*** SUPPLIED MATERIAL Section Begins ***
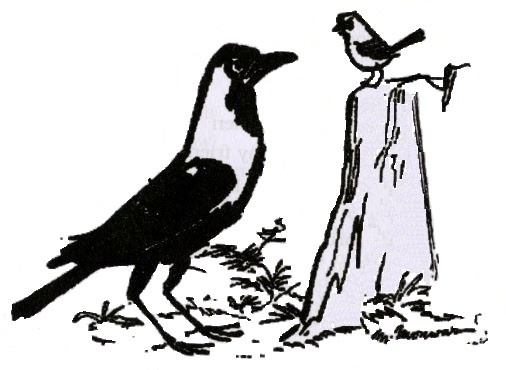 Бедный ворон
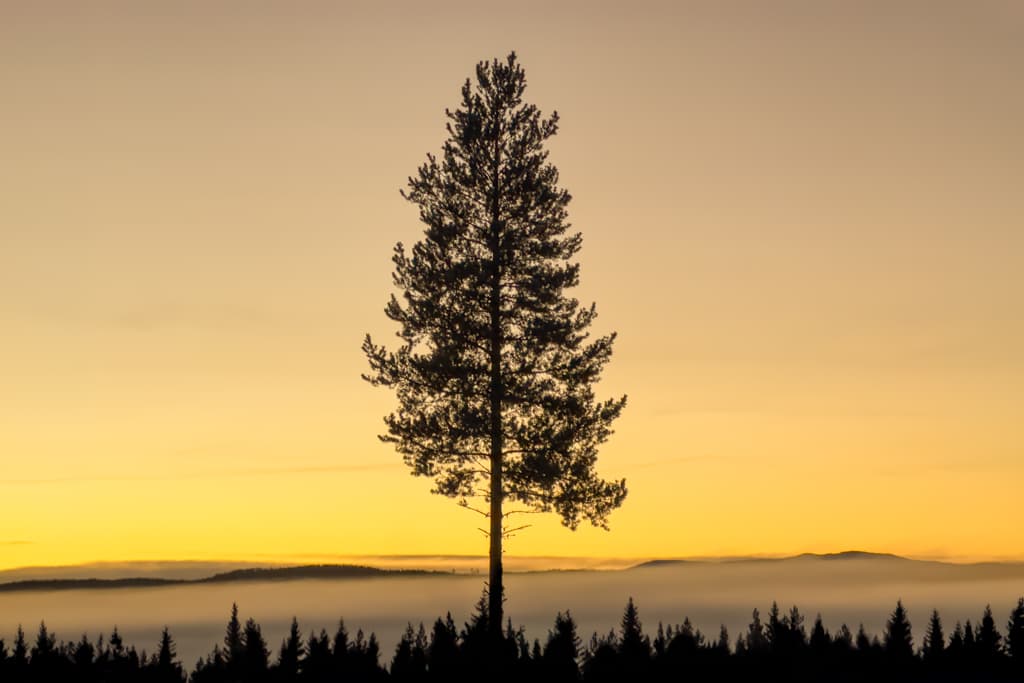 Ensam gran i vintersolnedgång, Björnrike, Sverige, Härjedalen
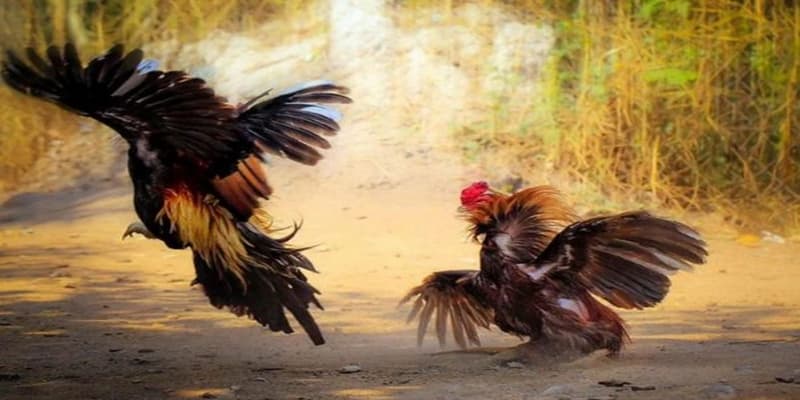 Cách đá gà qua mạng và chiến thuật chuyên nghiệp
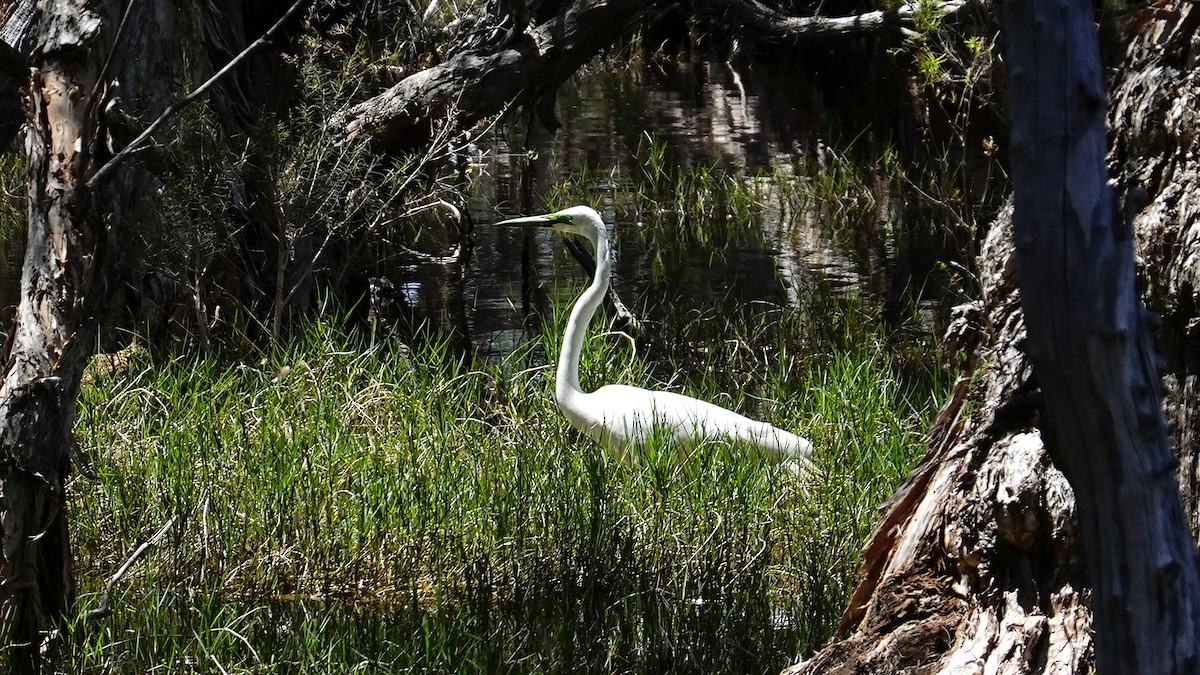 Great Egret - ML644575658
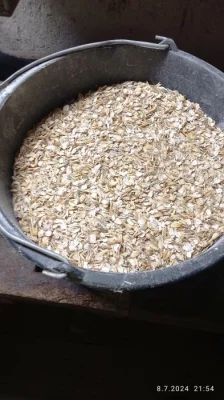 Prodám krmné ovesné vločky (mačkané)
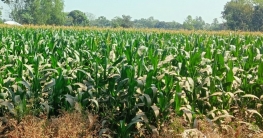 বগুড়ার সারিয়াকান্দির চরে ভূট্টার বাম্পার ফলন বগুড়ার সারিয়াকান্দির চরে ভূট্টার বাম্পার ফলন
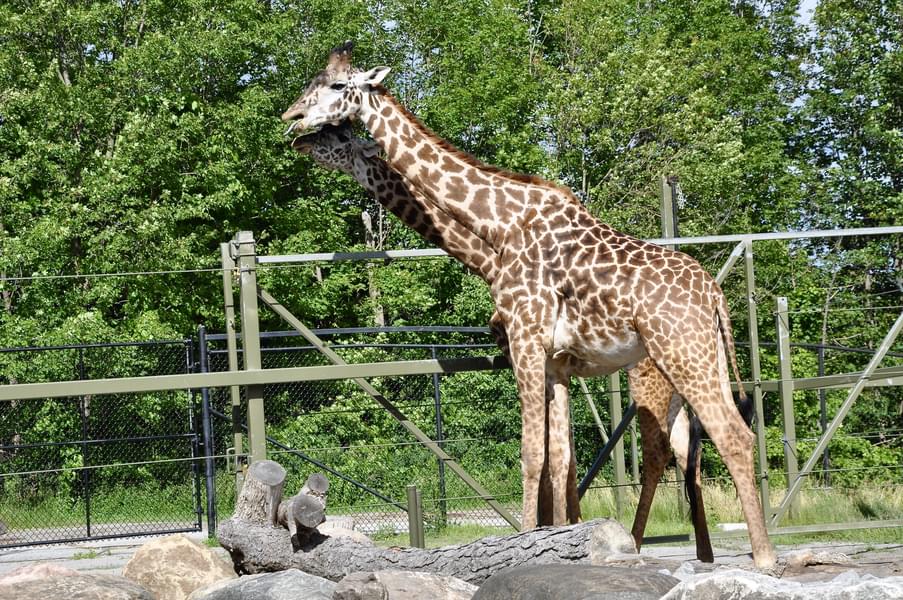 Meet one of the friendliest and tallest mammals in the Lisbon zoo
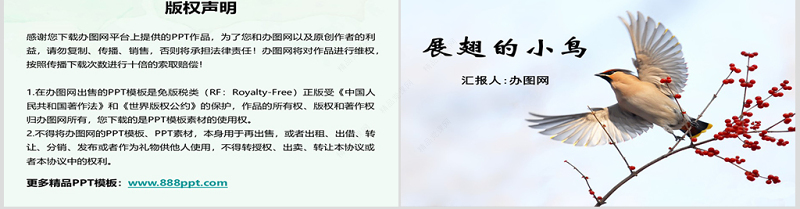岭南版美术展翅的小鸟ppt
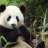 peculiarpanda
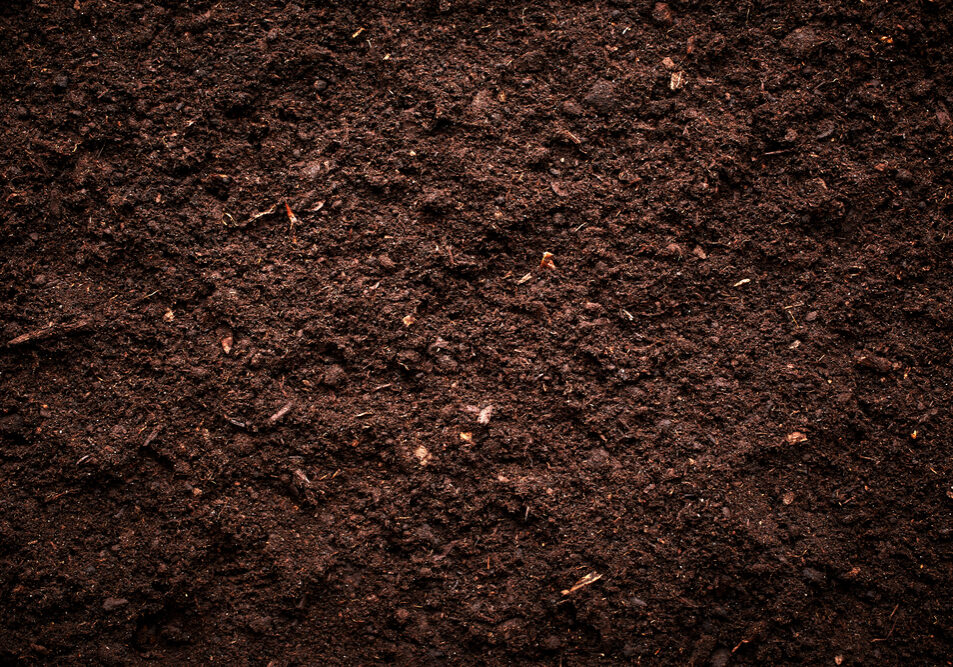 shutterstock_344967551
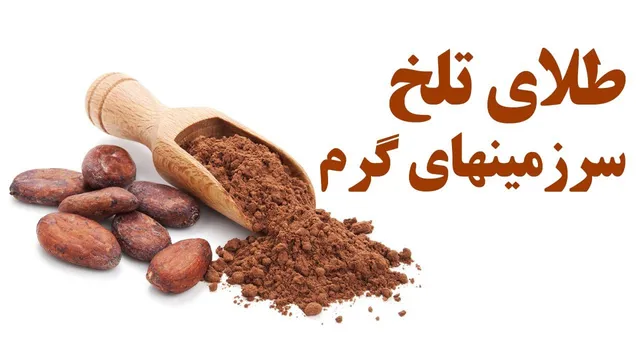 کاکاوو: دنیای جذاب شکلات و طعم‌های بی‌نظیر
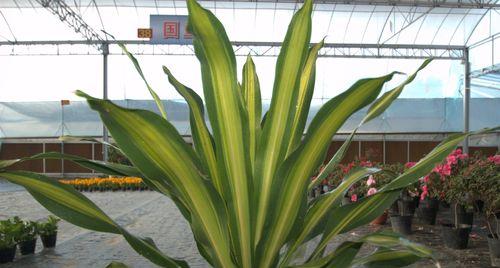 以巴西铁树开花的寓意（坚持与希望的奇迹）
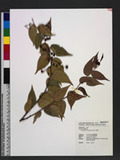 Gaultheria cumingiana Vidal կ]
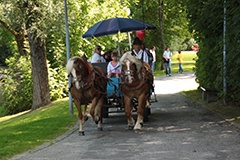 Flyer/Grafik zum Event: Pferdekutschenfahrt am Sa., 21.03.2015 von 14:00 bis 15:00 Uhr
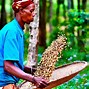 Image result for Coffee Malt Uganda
*** SUPPLIED MATERIAL Section Ends ***
WORK TASK: Exactly the lines from the line with "以巴西铁树开花的寓意（坚持与希望的奇迹）" through the end of the data are to be reproduced, and no picture is to be included.

FINISHED EXERCISE:
 以巴西铁树开花的寓意（坚持与希望的奇迹）
 Gaultheria cumingiana Vidal կ]
 Flyer/Grafik zum Event: Pferdekutschenfahrt am Sa., 21.03.2015 von 14:00 bis 15:00 Uhr
 Image result for Coffee Malt Uganda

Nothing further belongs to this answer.